きらいだったはずなのに!
10.ご褒美と進展

 課題漬けの毎日は驚くほどあっという間に過ぎていって、気付けば夏休みも終盤に差し掛かっていた。


 高一の夏休みなんて普通はみんな遊び呆けているんじゃないかって思うけど、対してあたしは本気で真面目に山盛りの課題を着実に消化していた。


 学生の本分は勉強というけれど、あたしはそれを体現していると思う。


 それもこれも、桐島さんとの約束を果たすためだ。


 だって、この機会を逃したら絶対もう外でなんて会ってもらえないもん。


 桐島さんの指導の時間も、いままでは雑談も交えて和気あいあいとした感じでやっていたけど、私語厳禁と言わんばかりの剣幕であたしが勉強に取り組んでいたから、桐島さんも今まで以上に熱心に教えてくれたと思う。

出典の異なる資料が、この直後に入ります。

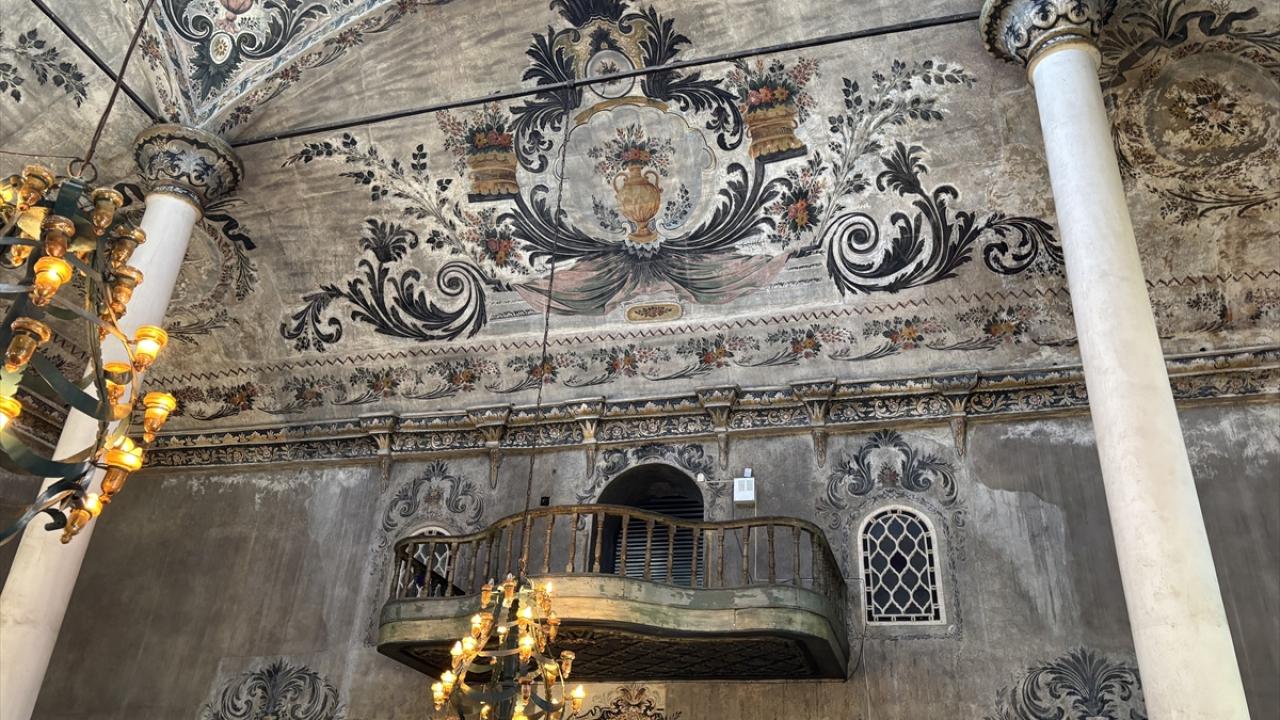 Foto - Bulgaristan'da Osmanlı mirası: Bayraklı Camii! Barok süslemeleriyle öne çıkıyor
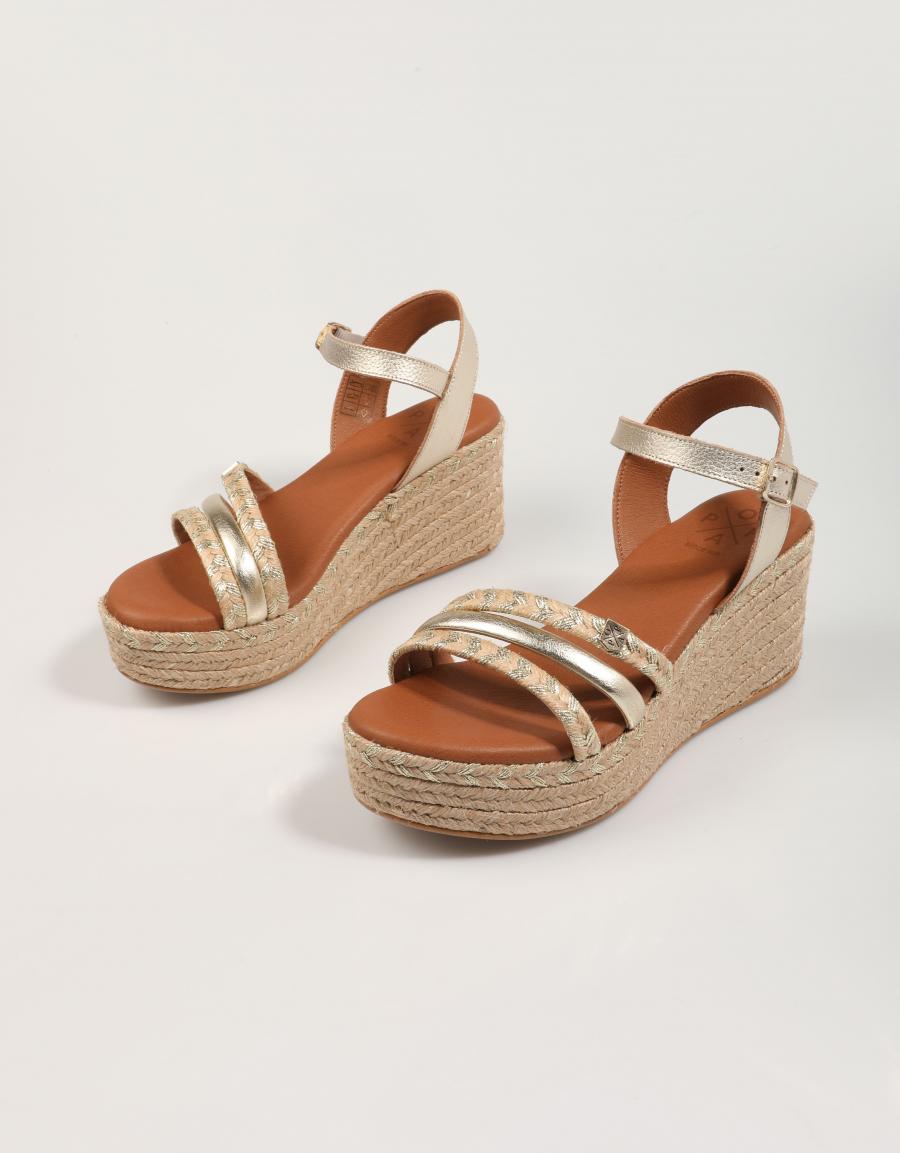 SANDALIAS POPA ALBANY CUERLAM en color Oro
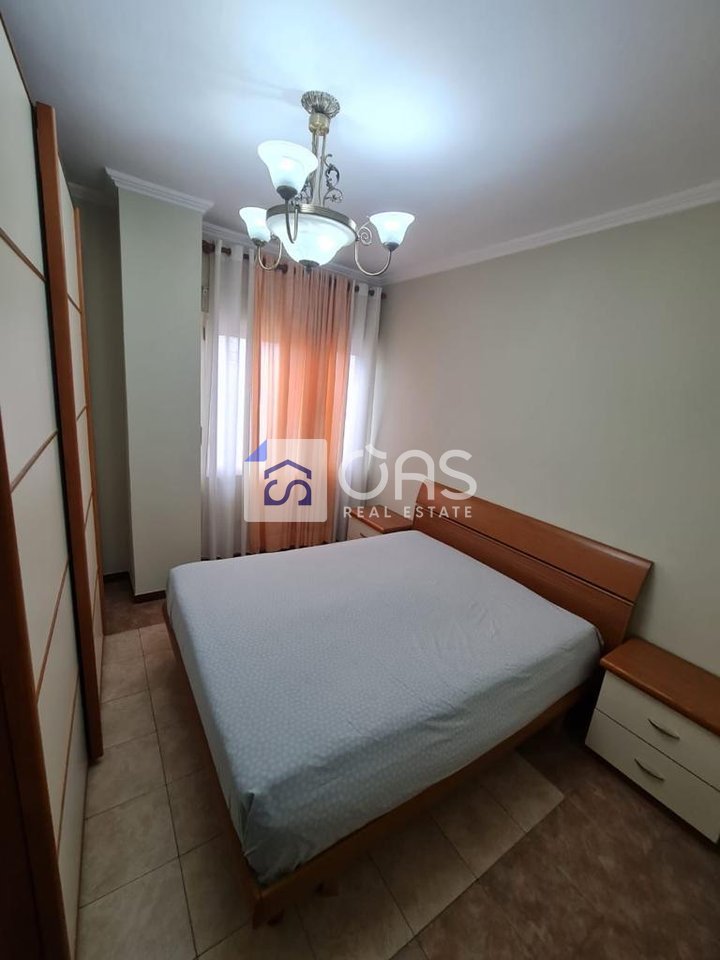 Jepet me qera Apartament 3+1+2  (Bulevardi Zogu i Parë, pranë Intesa San Paolo)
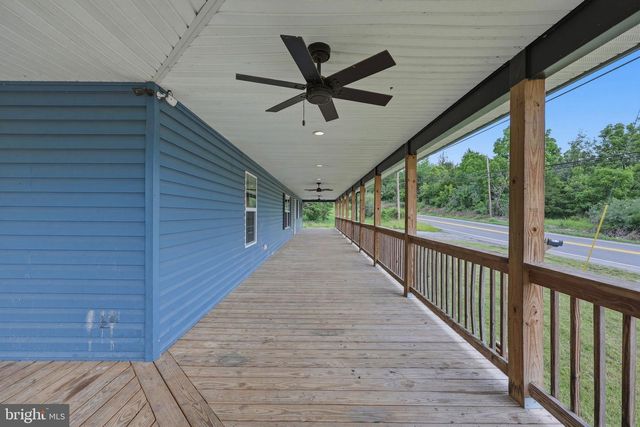 8757 HEDGESVILLE RD, Hedgesville, WV 25427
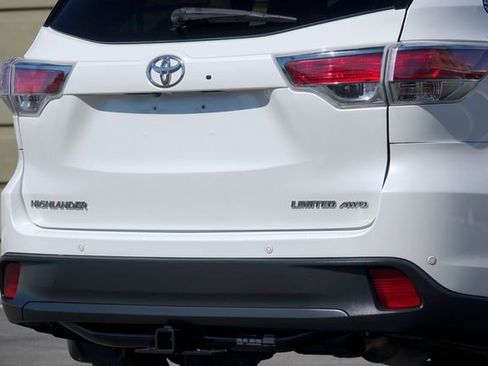 Used 2016 Toyota Highlander Limited image 25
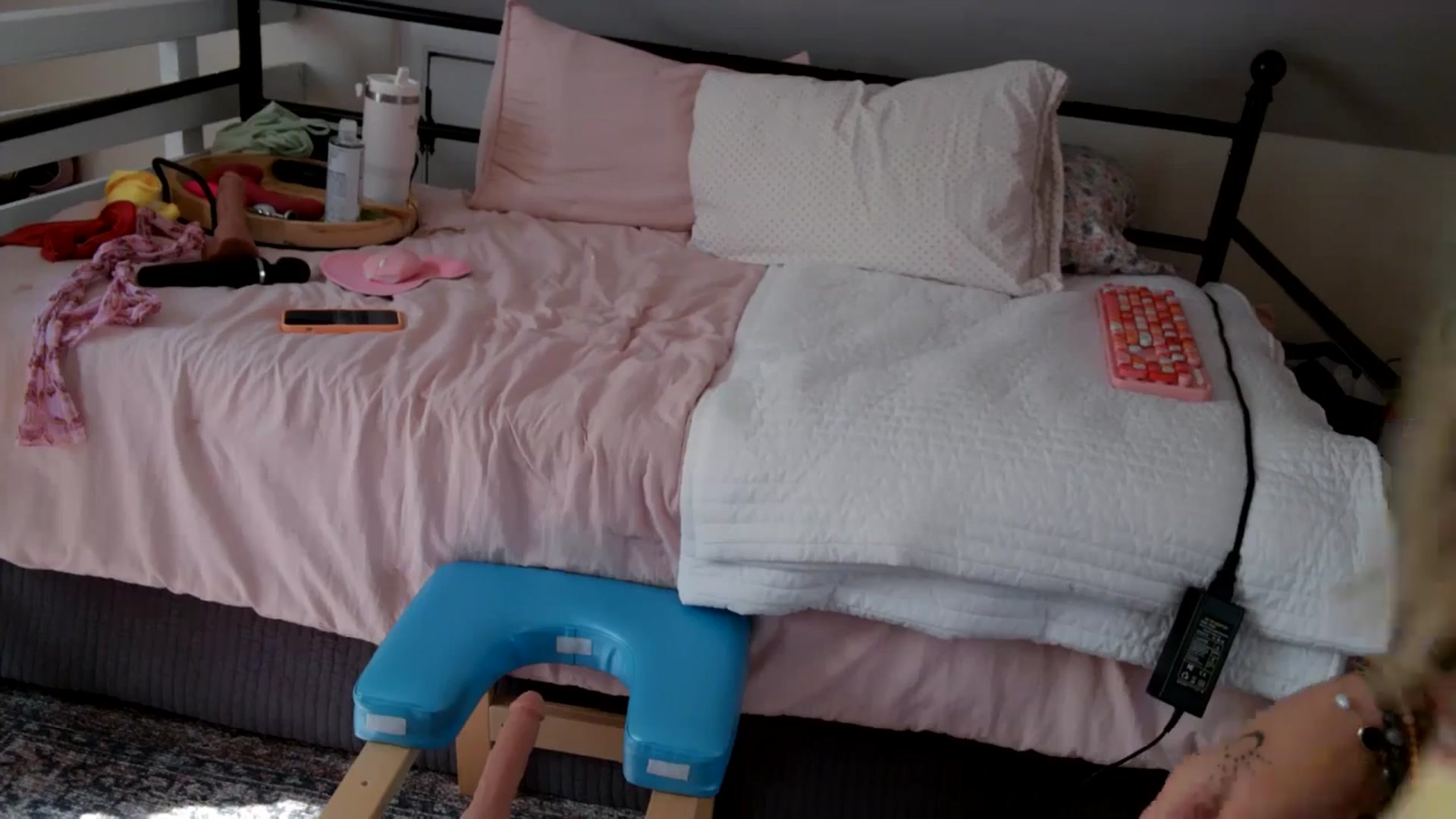 Gallery image thumbnail from Lena_bee's myfreecams stream on, 07/28/2024, 20:37 image 9 of 20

 一度だけ「そんなにプール楽しみ?」なんてにやついて言われたからちょっと焦ったけど、「そりゃあ夏だし」なんて言って無難にやり過ごした。


 そんな感じだったからもちろんいい雰囲気になんてなるわけもなく、ただの教師と生徒としてこの期間を過ごしていた。


 我ながらもったいない気もしたけど、すべてはプールに行くためだ!


 そこで少しでも距離を縮められたらいいな、なんて密かに思っていたりもする。